## Material provided
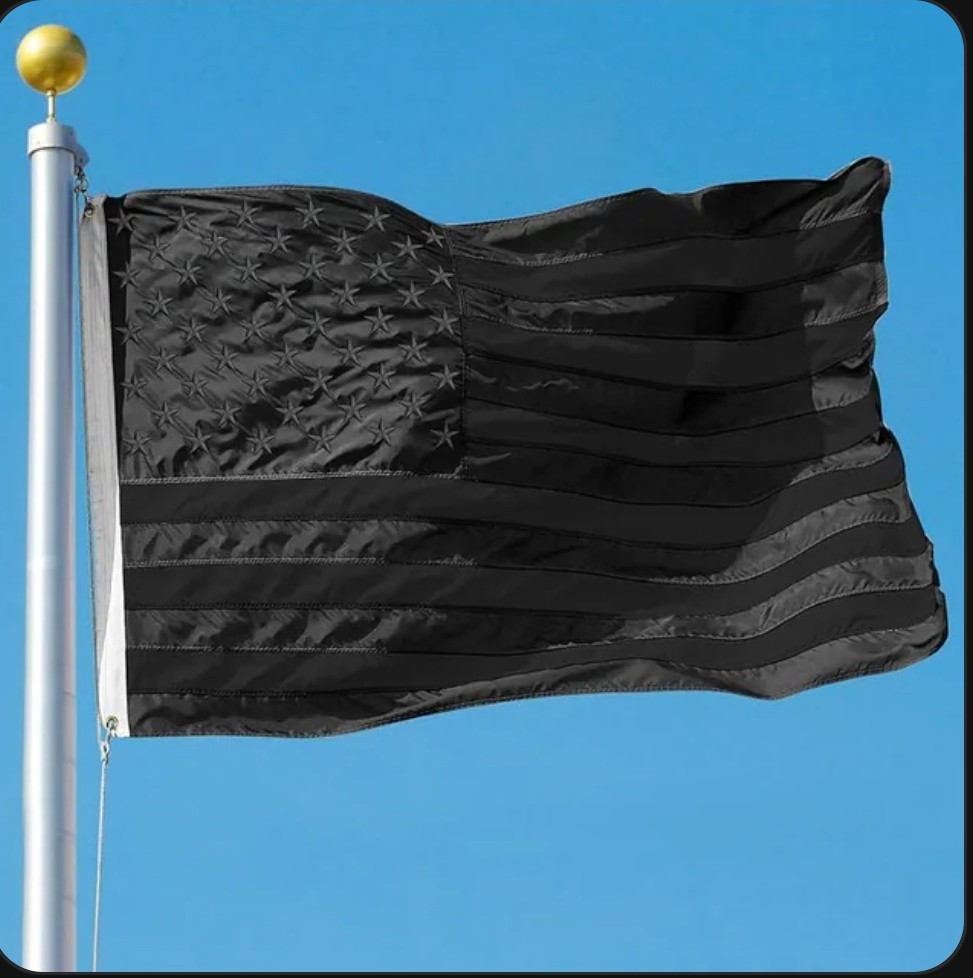Be aware of people flying this flag. They are alternate right, violent scum and will use violence against their opponents.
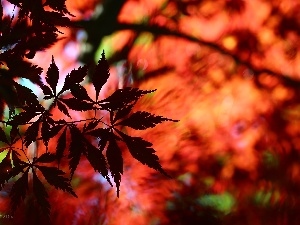 Red, Leaf, Maple Palm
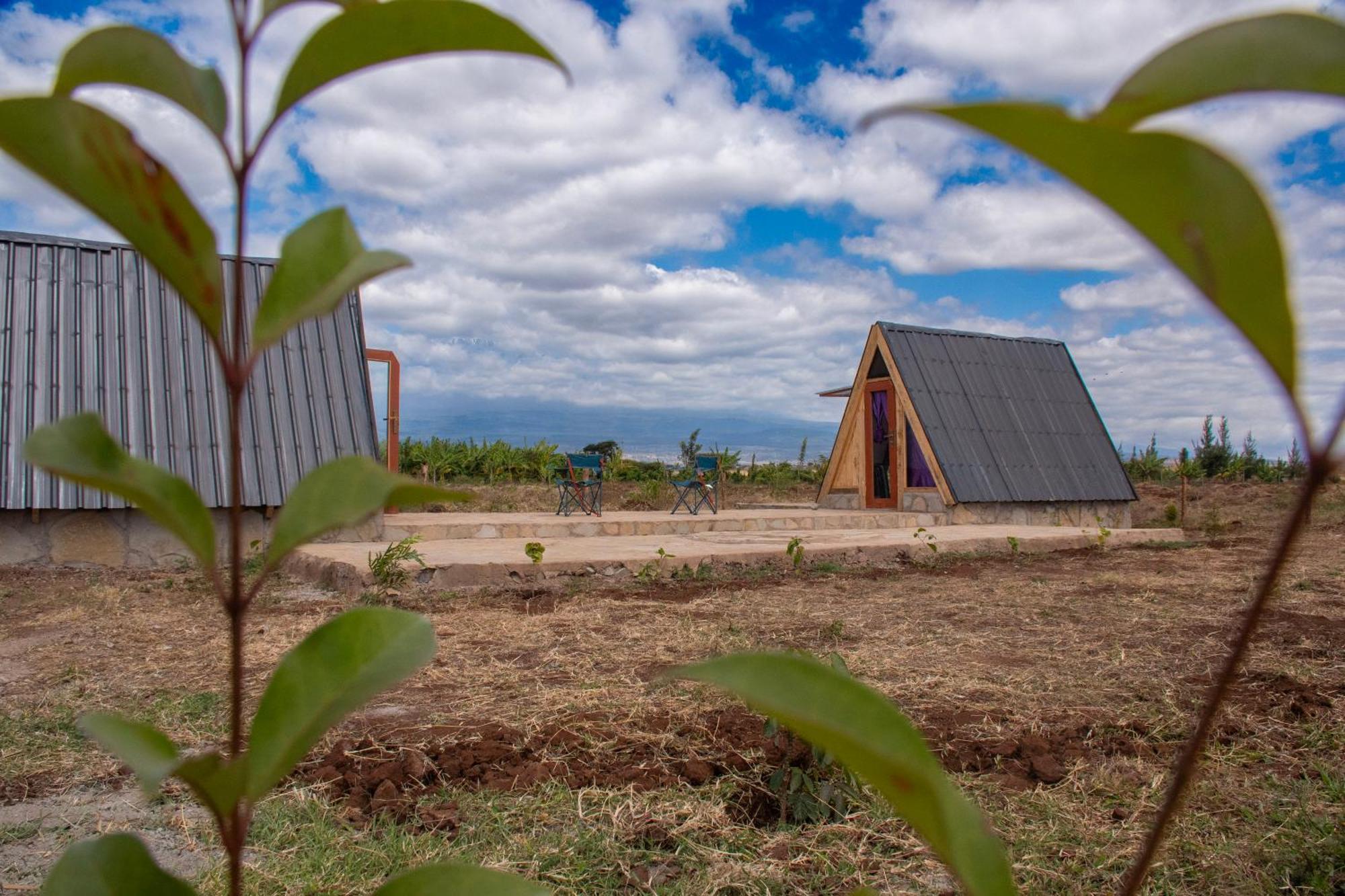 Camp David-amboseli *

## Exercise brief
Text only, please: give the listing again word for word with no images.

## Answer space
Be aware of people flying this flag. They are alternate right, violent scum and will use violence against their opponents.
 Red, Leaf, Maple Palm
 Camp David-amboseli *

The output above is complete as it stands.